Recorded data.
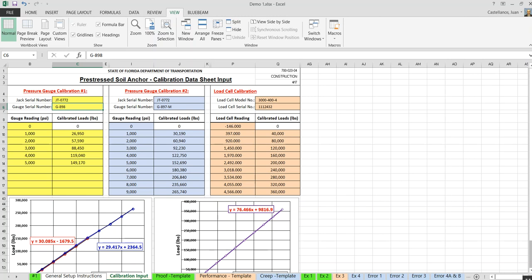A comment was raised that most contractors doing this kind of work have their own similar sheets. The response: as of January 2018, FDOT put this form as a requirement in the specifications — it is the official form. The contractor forms seen in reviews are pretty much in line with what is presented here.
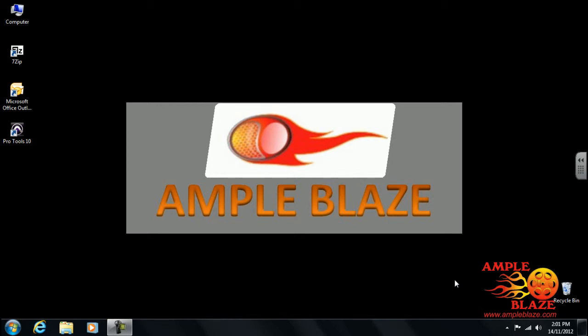Welcome to AmpleBlaze's video on how to enable and update Windows using Windows Update.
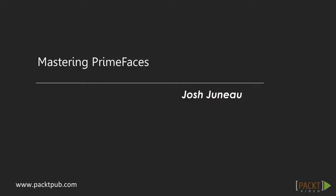Welcome to PACT Publishing's screencast series on Mastering PrimeFaces. My name is Josh Juneau, and I'll be your presenter for this course.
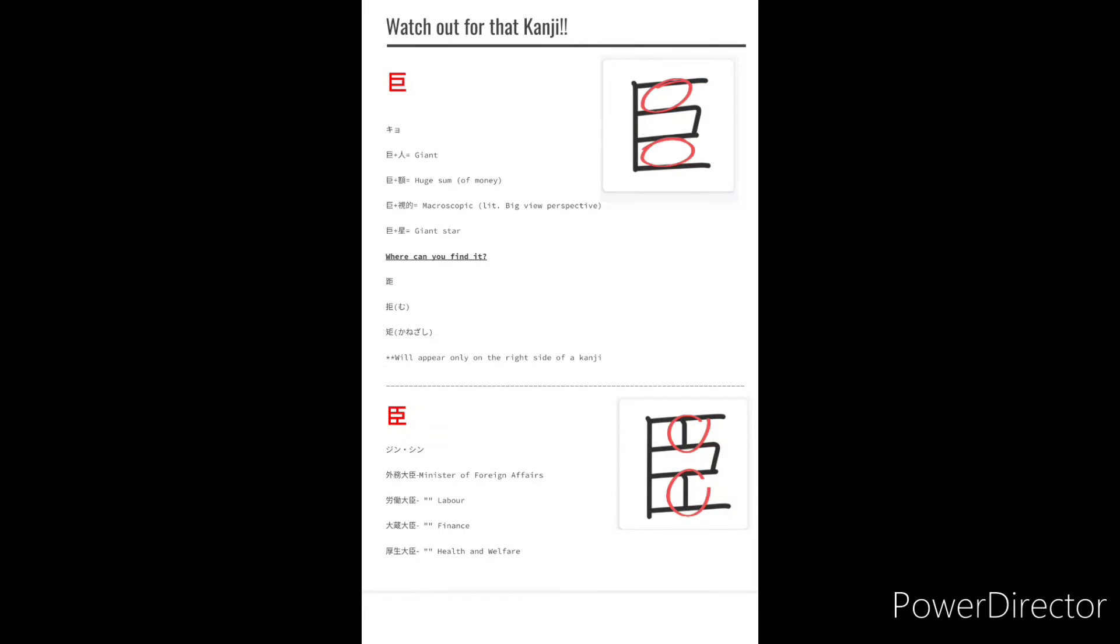Now there aren't that many kanji that have Kyo as you can see there are only three but when you see a kanji containing Kyo it will typically come on the right side of the kanji.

Brief.
Going from the line holding "Welcome to AmpleBlaze's" to the last line of the data above, reproduce every line exactly, both included, with the pictures omitted.

Task result.
Welcome to AmpleBlaze's video on how to enable and update Windows using Windows Update.
Welcome to PACT Publishing's screencast series on Mastering PrimeFaces. My name is Josh Juneau, and I'll be your presenter for this course.
Now there aren't that many kanji that have Kyo as you can see there are only three but when you see a kanji containing Kyo it will typically come on the right side of the kanji.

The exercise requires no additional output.